Pictures with short captions
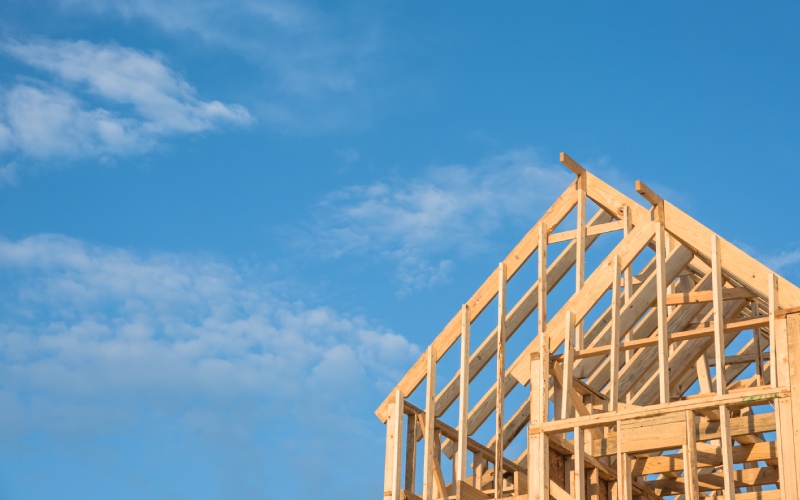 Construction de logements : reprise en avril, mais pas aux niveaux d’avant-crise - Batiweb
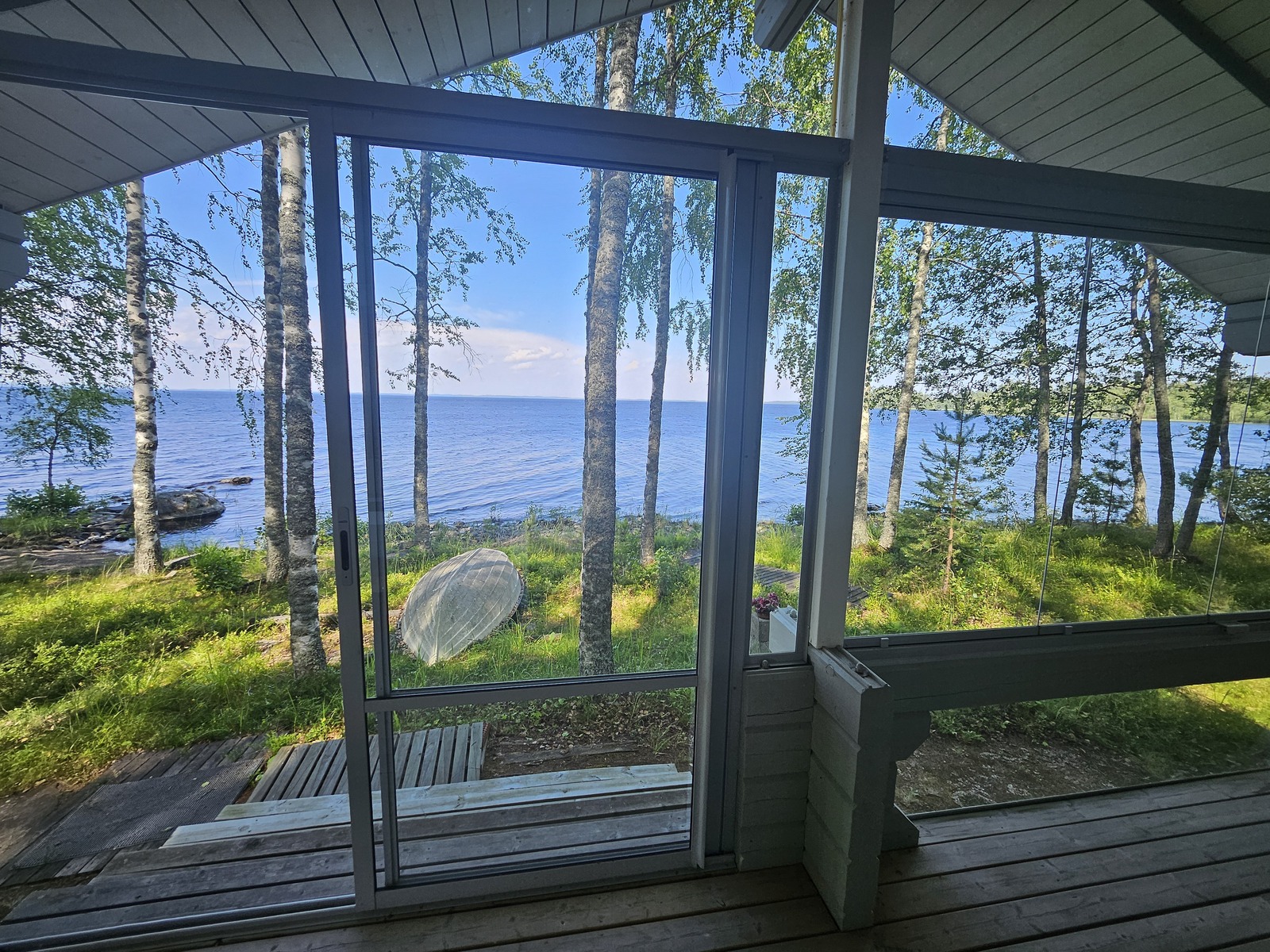 Maisema saunan terassilta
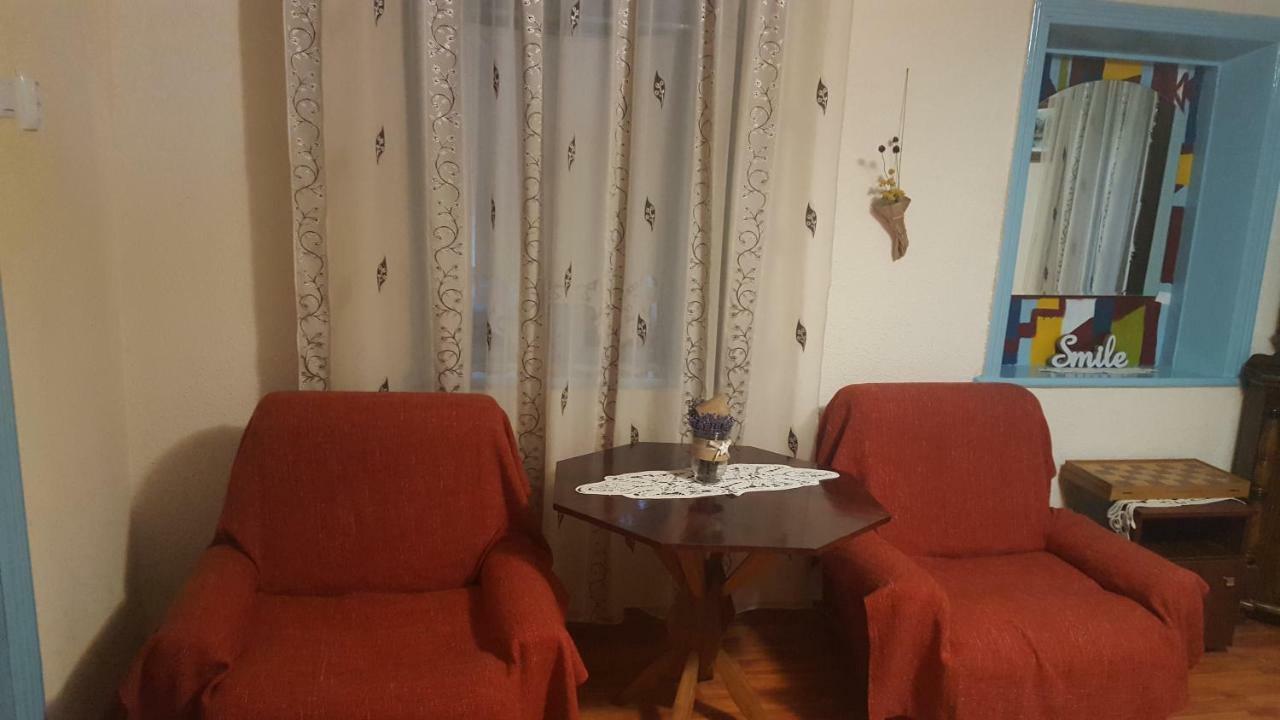茹里洛夫卡Casa Bunicilor Granny'S House别墅 外观 照片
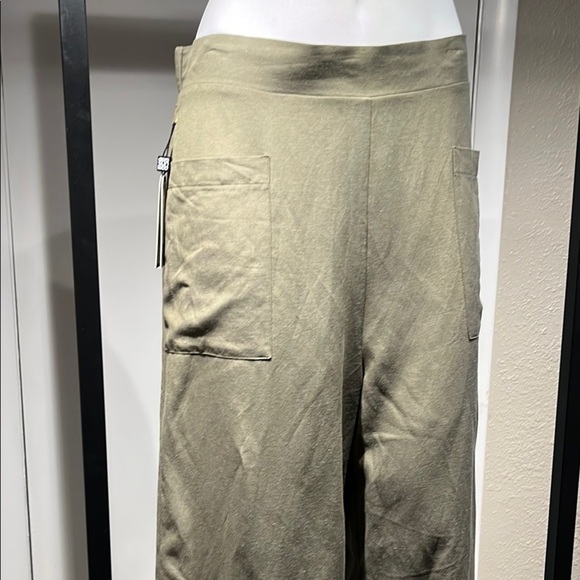 Clara Sun Woo Green Wide Leg Jumpsuit - Picture 2 of 11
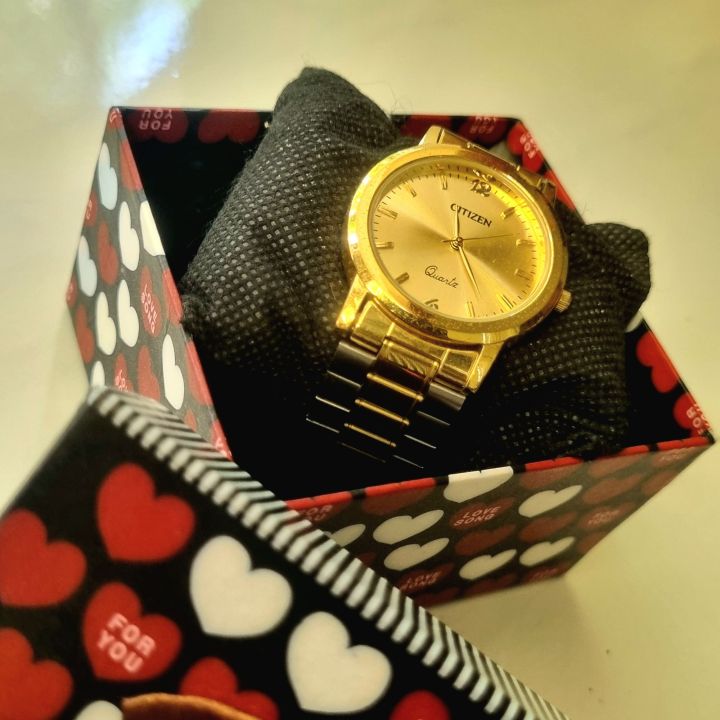 The%20Casual%20Citizen%20Two%20Tone%20Watch%20features%20a%20sleek,%20stylish%20design,%20blending%20silver%20and%20gold%20tones.%20-%20Image%203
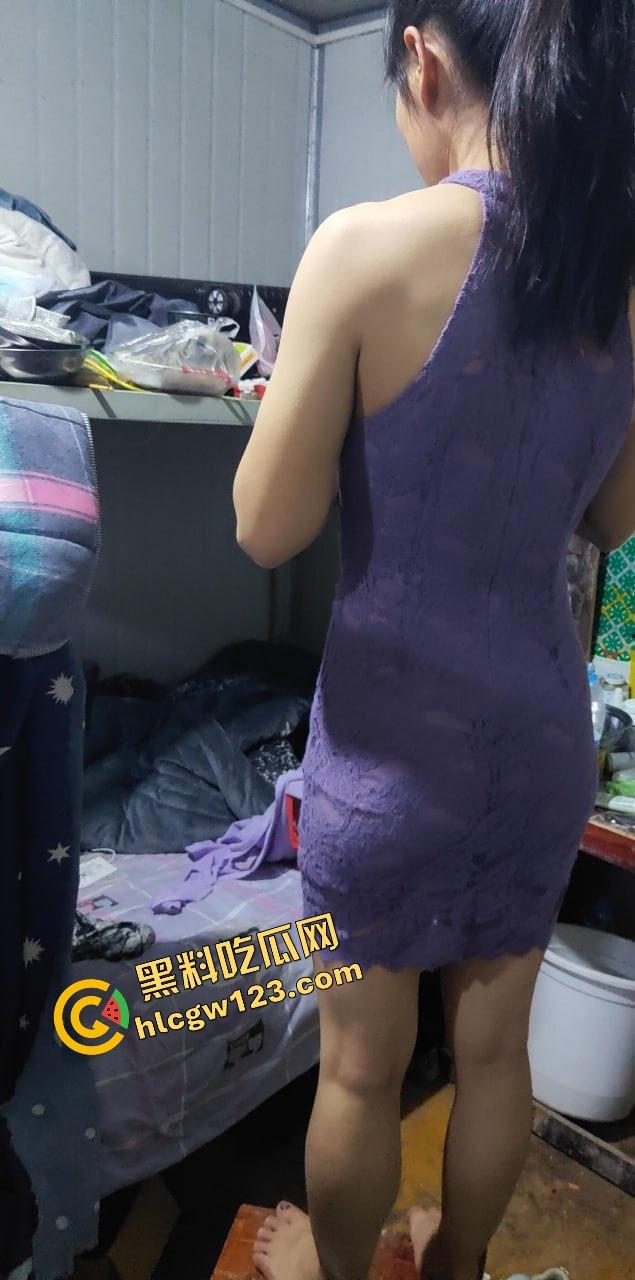 工地佬实拍投稿,简陋铁皮棚里实战啪啪,全程无隔音,骚女微露脸叫到外头都听见,虽不完美但骚得真实!-5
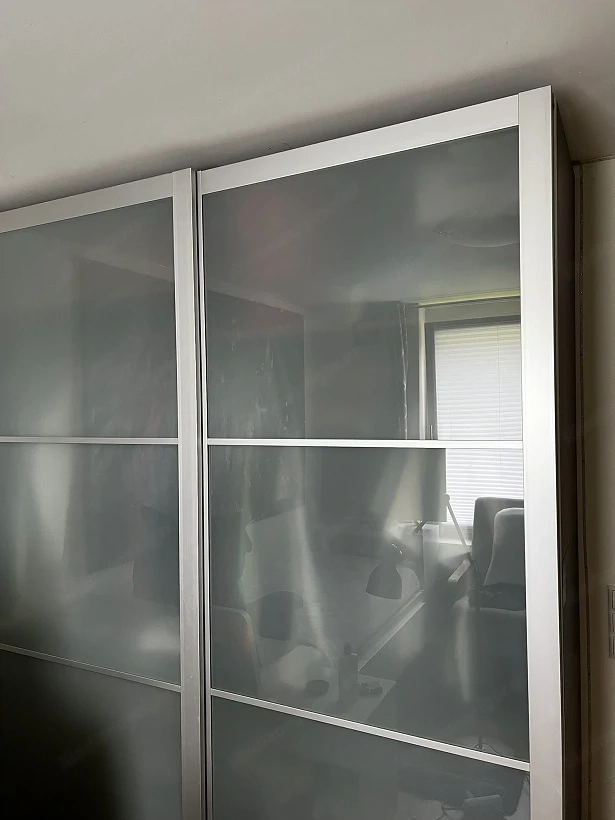 IKEA PAX mit Schiebetüre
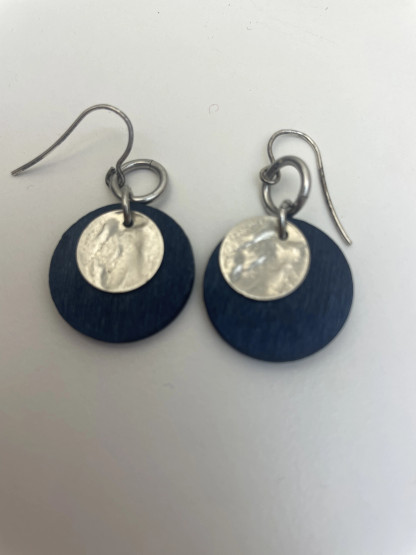 E427 Aarikka earrings, Loimu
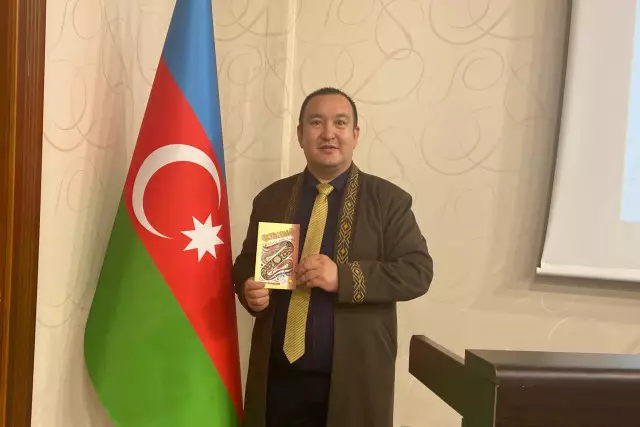 Қазақ ақыны Әзербайжан төрінде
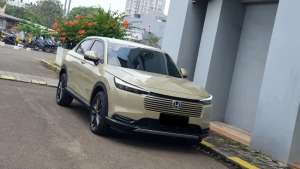 Jual bekas NEW CONDITION Honda HRV HR-V HR V 1.5 Hybrid e HEV Sensing 20252026,lokasi di Jakarta Pusat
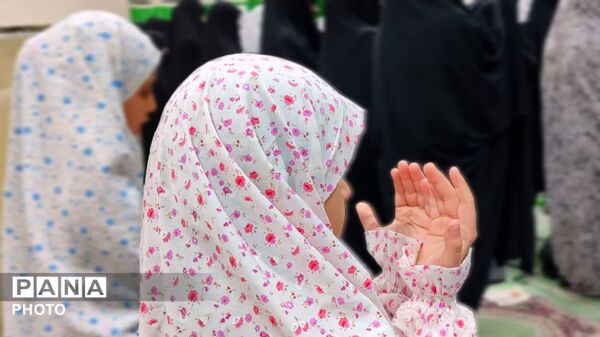 تجدید عهد دختران با رهبر شهید در نجف آباد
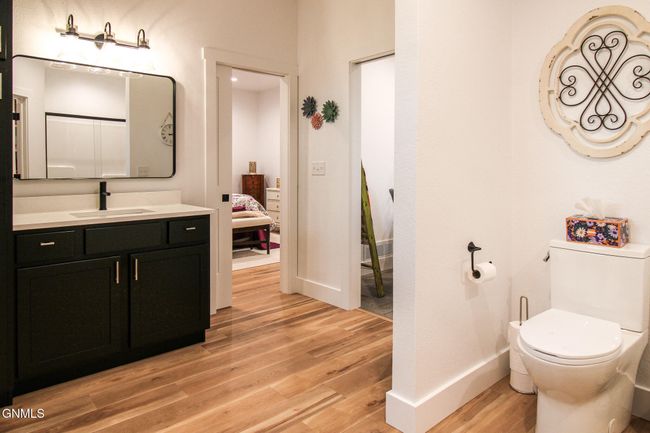 8127 Hawktree Dr, Townhouse with 3 bedrooms, 2 bathrooms and null parking in Bismarck ND | Image 49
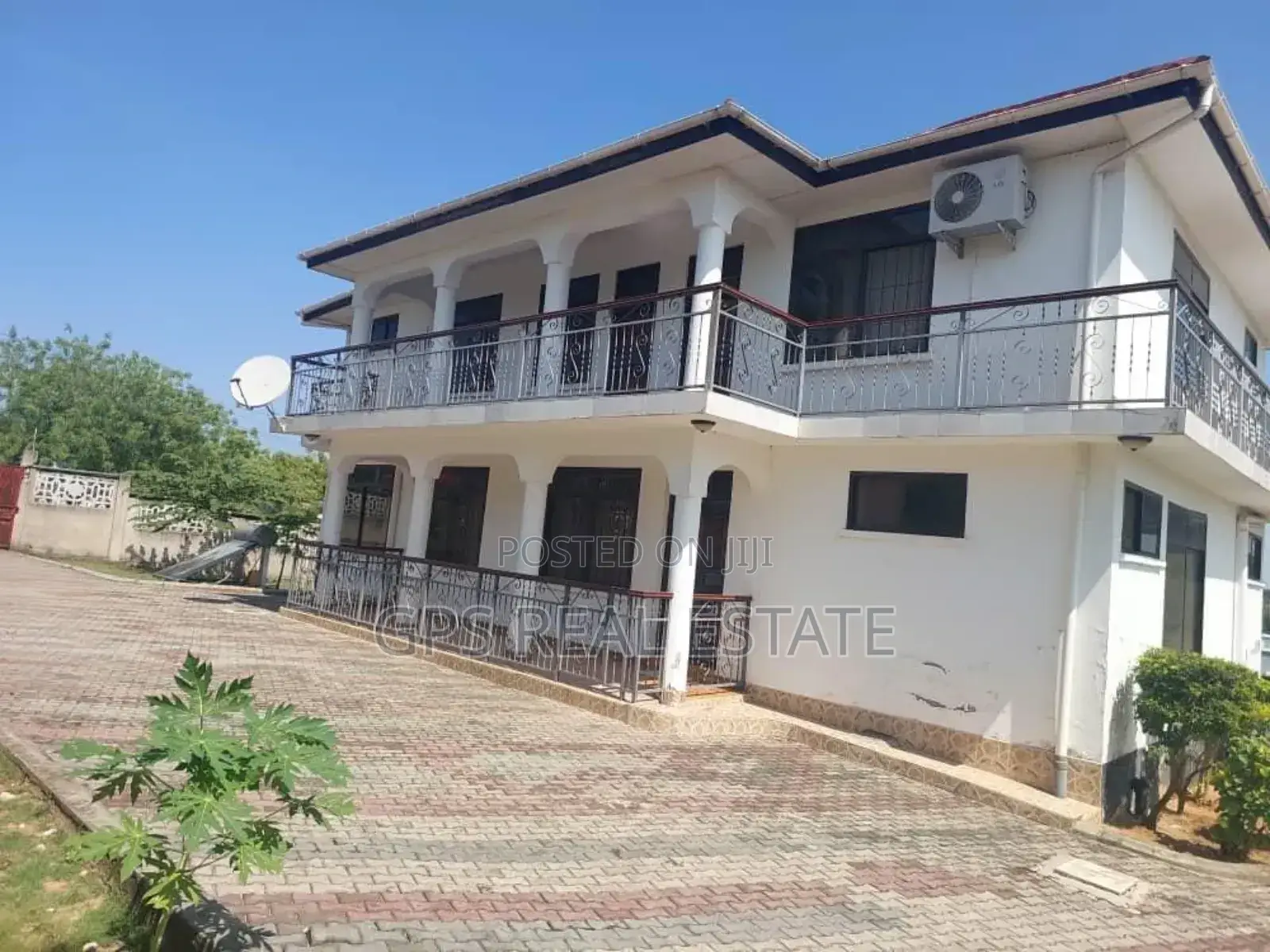 9bdrm House in Madale Mivumoni, Kinondoni for sale in Kinondoni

Assignment
Pictures must be left out. Repeat exactly the lines from the one containing "E427 Aarikka earrings, Loimu" through the final line of the data.

Response for this exercise
 E427 Aarikka earrings, Loimu
 Қазақ ақыны Әзербайжан төрінде
 Jual bekas NEW CONDITION Honda HRV HR-V HR V 1.5 Hybrid e HEV Sensing 20252026,lokasi di Jakarta Pusat
 تجدید عهد دختران با رهبر شهید در نجف آباد
 8127 Hawktree Dr, Townhouse with 3 bedrooms, 2 bathrooms and null parking in Bismarck ND | Image 49
 9bdrm House in Madale Mivumoni, Kinondoni for sale in Kinondoni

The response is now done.